Adopt Contrasting Strategies for Emerging Markets
Emerging markets have typically been lumped
together by investors and corporations attempting to define all-encompassing
strategies, but these markets are diverging. Tailored, local strategies are now
more important.
The ASEAN (Association of South East Asian
Nations) region has been growing steadily at about 6 percent a year since 2008.
If it were a country, it would be the 7th largest economy in
the world. ASEAN today is on the cusp of a new era. The growth drivers of
1998-2008, based on export-led growth of products and commodities for developed
markets are no longer as relevant. A new growth model, based on innovation and
domestic demand, is necessary, but this presents very different opportunities
and challenges for countries and corporations in this part of the world.

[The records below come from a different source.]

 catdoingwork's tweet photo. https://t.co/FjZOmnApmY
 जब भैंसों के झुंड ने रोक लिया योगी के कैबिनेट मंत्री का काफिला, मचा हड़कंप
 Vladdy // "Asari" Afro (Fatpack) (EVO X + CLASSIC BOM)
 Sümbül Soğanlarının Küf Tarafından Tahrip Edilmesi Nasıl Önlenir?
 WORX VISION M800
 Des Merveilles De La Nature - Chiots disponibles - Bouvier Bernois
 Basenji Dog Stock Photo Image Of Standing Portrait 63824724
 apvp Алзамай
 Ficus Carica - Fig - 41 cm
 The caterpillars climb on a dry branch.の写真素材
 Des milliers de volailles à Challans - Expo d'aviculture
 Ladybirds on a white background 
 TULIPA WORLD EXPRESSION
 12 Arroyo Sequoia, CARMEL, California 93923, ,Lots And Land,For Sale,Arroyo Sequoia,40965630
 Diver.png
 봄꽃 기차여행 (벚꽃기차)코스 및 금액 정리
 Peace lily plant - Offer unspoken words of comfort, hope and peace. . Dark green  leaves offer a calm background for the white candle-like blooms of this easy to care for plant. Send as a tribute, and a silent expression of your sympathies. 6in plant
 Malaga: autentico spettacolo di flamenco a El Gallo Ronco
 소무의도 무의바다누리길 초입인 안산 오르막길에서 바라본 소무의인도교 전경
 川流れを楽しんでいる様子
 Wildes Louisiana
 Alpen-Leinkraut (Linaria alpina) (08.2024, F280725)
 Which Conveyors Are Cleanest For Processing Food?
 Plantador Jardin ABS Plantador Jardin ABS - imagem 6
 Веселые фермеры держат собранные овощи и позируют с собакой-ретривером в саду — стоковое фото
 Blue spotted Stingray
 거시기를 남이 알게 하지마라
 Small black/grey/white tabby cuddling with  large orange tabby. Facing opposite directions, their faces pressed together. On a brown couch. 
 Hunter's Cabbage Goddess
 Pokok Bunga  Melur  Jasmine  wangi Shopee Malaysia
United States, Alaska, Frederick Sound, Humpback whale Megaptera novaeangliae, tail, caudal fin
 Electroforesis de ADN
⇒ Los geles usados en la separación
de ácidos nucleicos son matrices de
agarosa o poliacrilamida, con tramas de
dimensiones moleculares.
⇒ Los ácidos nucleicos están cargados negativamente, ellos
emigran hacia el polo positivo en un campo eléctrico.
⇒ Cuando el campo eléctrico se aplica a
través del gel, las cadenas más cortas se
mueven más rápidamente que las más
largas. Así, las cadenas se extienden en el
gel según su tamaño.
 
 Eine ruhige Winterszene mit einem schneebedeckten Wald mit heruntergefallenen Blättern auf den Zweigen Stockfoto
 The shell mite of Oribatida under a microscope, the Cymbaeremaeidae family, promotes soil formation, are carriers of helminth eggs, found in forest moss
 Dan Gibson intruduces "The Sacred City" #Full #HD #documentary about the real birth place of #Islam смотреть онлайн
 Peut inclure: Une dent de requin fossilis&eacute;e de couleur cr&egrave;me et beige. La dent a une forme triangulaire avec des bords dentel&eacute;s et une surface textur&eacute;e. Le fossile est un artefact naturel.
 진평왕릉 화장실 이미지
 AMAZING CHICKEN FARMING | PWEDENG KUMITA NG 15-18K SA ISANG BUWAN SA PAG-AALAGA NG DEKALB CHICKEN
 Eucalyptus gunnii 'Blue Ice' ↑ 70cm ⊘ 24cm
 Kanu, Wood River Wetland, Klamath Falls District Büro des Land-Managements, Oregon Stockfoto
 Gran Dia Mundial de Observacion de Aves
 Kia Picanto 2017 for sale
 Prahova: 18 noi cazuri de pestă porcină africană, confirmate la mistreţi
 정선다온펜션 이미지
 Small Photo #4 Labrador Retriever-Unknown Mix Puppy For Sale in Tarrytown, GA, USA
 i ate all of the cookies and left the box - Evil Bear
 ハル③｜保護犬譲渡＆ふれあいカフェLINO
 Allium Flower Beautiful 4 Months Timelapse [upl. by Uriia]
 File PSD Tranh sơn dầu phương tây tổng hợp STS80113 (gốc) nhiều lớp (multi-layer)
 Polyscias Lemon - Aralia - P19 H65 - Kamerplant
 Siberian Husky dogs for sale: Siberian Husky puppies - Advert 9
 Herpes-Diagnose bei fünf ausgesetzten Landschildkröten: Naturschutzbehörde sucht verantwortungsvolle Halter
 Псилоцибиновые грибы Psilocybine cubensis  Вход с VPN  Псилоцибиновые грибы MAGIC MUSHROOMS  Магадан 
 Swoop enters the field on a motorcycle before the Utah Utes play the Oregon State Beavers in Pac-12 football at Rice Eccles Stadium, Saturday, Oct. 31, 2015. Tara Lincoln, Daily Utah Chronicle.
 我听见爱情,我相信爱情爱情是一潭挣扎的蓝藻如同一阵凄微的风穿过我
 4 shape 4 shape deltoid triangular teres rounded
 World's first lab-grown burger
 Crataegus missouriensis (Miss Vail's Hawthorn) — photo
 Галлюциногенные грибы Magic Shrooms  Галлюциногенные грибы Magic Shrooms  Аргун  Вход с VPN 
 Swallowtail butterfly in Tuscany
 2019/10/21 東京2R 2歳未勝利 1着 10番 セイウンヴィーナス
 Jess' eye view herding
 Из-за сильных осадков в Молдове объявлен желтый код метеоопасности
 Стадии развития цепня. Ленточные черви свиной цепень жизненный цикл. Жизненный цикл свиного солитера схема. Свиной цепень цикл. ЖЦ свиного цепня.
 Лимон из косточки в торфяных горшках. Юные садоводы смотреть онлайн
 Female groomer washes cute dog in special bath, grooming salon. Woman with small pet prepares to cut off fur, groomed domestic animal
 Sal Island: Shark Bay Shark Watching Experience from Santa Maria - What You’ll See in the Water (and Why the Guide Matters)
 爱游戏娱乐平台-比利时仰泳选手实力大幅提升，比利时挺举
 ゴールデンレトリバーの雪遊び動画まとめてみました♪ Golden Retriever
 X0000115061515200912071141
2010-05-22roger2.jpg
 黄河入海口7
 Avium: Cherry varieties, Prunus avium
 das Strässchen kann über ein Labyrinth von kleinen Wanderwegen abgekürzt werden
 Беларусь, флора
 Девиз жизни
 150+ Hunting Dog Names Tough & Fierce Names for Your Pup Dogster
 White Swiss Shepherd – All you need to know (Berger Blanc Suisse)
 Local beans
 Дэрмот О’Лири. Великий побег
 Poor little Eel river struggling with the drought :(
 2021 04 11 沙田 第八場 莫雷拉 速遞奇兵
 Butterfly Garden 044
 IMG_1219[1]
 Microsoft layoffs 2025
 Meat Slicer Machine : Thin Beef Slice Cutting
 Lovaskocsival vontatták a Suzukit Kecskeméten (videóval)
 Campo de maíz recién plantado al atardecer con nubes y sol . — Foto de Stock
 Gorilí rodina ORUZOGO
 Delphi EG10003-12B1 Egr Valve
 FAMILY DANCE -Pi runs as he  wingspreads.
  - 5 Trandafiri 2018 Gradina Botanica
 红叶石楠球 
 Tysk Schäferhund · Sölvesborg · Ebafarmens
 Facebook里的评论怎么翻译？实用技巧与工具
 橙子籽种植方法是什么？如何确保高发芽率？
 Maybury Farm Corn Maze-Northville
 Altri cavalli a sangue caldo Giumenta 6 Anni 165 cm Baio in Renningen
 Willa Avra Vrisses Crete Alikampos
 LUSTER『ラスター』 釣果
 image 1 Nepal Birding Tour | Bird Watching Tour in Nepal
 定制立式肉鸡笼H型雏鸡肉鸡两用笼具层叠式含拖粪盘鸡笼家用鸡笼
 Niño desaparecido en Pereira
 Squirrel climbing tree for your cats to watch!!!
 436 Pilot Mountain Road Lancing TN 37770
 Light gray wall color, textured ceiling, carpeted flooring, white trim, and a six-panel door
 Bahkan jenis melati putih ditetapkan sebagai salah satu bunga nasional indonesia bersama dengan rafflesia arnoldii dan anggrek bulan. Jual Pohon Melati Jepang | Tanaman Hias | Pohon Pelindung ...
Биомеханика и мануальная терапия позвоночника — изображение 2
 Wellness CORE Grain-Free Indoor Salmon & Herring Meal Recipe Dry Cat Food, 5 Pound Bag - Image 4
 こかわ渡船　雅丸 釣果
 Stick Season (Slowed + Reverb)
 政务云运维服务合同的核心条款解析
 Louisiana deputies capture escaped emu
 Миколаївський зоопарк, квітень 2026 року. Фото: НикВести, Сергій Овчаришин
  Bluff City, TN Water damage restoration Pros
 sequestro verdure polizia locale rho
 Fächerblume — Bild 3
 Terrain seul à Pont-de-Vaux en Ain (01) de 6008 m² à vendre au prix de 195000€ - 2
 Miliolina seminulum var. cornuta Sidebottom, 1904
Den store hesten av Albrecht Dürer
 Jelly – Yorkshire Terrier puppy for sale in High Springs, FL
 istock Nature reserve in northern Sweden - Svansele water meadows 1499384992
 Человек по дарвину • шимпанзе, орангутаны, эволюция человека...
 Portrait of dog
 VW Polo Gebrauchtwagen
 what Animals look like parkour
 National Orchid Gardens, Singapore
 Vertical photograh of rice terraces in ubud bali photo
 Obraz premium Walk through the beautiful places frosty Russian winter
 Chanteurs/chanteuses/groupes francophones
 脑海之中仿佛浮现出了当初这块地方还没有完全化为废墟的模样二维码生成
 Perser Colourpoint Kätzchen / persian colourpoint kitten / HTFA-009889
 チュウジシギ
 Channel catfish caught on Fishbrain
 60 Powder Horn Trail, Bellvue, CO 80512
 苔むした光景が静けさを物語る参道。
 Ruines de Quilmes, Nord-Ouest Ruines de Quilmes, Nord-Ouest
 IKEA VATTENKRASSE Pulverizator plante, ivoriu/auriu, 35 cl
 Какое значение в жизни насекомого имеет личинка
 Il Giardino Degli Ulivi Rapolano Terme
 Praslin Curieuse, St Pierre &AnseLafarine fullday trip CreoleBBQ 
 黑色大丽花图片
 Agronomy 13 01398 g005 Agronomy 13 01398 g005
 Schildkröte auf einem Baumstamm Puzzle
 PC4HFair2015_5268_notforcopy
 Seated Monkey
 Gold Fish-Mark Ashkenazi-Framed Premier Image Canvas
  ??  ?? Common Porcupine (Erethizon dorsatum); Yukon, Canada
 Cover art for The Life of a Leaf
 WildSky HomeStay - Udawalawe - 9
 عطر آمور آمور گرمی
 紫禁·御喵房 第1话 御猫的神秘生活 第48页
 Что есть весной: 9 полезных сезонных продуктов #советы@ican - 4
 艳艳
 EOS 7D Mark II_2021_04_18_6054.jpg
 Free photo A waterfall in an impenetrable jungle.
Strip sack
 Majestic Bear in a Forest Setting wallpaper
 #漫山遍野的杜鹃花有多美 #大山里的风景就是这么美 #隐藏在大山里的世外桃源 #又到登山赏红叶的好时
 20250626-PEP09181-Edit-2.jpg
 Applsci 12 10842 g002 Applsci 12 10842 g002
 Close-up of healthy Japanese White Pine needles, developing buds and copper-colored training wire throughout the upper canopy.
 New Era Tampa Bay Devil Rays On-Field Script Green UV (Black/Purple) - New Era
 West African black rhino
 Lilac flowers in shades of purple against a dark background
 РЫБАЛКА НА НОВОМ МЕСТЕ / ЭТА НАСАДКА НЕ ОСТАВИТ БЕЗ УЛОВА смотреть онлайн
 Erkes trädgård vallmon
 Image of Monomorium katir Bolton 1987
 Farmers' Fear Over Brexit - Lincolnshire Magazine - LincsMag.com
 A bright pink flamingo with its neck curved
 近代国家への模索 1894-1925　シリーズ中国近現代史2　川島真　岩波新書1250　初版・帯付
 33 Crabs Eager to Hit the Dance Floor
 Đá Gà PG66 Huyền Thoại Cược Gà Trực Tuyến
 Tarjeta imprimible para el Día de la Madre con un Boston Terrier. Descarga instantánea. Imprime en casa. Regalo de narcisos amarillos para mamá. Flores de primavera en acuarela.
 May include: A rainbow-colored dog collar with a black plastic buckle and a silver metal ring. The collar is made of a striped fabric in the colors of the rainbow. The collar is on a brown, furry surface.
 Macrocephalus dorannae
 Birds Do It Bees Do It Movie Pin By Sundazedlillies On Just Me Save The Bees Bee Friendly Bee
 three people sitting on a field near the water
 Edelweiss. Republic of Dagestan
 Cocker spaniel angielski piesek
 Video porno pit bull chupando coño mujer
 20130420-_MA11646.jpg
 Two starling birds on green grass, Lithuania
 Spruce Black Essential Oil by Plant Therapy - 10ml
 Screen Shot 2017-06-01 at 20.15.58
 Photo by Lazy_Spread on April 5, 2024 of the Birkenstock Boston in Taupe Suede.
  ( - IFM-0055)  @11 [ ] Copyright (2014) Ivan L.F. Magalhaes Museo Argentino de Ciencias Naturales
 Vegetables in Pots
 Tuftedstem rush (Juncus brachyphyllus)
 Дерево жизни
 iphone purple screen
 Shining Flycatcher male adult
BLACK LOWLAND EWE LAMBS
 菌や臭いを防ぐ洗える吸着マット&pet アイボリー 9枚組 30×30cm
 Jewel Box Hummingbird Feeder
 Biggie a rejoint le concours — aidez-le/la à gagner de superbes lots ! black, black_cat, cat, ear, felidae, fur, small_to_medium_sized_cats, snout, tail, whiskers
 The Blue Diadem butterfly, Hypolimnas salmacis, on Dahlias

At the recent Emerging Markets Conference at
INSEAD, hosted by the INSEAD Emerging Markets Institute and PwC, INSEAD’s Dean and Professor of
Economics, Ilian Mihov said that BRIC nations should be treated separately. “Each one of these countries are very
different and they are at different stages of economic development with
different monetary and fiscal policies,” he said. As a consequence, countries
in the region will need very different approaches to leverage the
opportunities.
Speaking on a panel at the conference, Bob De
Lange, the Vice President of Caterpillar’s excavation division, the global
headquarters of which is in Singapore, agreed, saying “there's probably no such
thing as ASEAN, because there's such a wide variety in the economies, the environment,
even within ASEAN.”
De Lange and other panelists discussing the
future of South East Asia at the conference explained how they were adapting to
this new emerging market order.
Building and leveraging local capacity
Rahul Gupta, Managing Director of Business
Development in ASEAN at General Electric explained that corporations are
changing their approach to emerging markets and are at an inflection point of a
longer-term game. “The days when you said ‘enter opportunistically and exit
when the tide turns against you’ have gone,” he said.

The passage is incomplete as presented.